What is required – Write out, word for word, only the data from its first line to the line containing "ICON modelo - Polonia, Anomalía".

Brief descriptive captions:
-.-.-

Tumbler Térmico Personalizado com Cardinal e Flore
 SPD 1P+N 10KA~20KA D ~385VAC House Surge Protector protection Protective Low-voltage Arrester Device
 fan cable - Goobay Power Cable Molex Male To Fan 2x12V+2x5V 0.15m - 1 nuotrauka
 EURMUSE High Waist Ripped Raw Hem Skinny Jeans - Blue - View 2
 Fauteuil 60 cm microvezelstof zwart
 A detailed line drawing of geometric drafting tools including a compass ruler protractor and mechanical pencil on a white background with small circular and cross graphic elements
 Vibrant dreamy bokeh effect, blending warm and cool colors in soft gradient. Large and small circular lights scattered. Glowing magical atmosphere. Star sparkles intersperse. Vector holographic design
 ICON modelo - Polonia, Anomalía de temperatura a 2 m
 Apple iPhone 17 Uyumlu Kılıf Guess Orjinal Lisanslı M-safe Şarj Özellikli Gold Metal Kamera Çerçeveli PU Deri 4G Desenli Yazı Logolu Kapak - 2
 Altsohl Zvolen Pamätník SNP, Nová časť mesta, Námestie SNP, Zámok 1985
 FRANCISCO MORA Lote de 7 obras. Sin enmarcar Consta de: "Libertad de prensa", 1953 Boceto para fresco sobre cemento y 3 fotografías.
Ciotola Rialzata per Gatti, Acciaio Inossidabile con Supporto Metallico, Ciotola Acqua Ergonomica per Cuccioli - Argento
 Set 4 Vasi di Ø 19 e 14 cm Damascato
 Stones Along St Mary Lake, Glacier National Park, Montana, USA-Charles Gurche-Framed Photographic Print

-.-.-

Exercise answer –
Tumbler Térmico Personalizado com Cardinal e Flore
 SPD 1P+N 10KA~20KA D ~385VAC House Surge Protector protection Protective Low-voltage Arrester Device
 fan cable - Goobay Power Cable Molex Male To Fan 2x12V+2x5V 0.15m - 1 nuotrauka
 EURMUSE High Waist Ripped Raw Hem Skinny Jeans - Blue - View 2
 Fauteuil 60 cm microvezelstof zwart
 A detailed line drawing of geometric drafting tools including a compass ruler protractor and mechanical pencil on a white background with small circular and cross graphic elements
 Vibrant dreamy bokeh effect, blending warm and cool colors in soft gradient. Large and small circular lights scattered. Glowing magical atmosphere. Star sparkles intersperse. Vector holographic design
 ICON modelo - Polonia, Anomalía de temperatura a 2 m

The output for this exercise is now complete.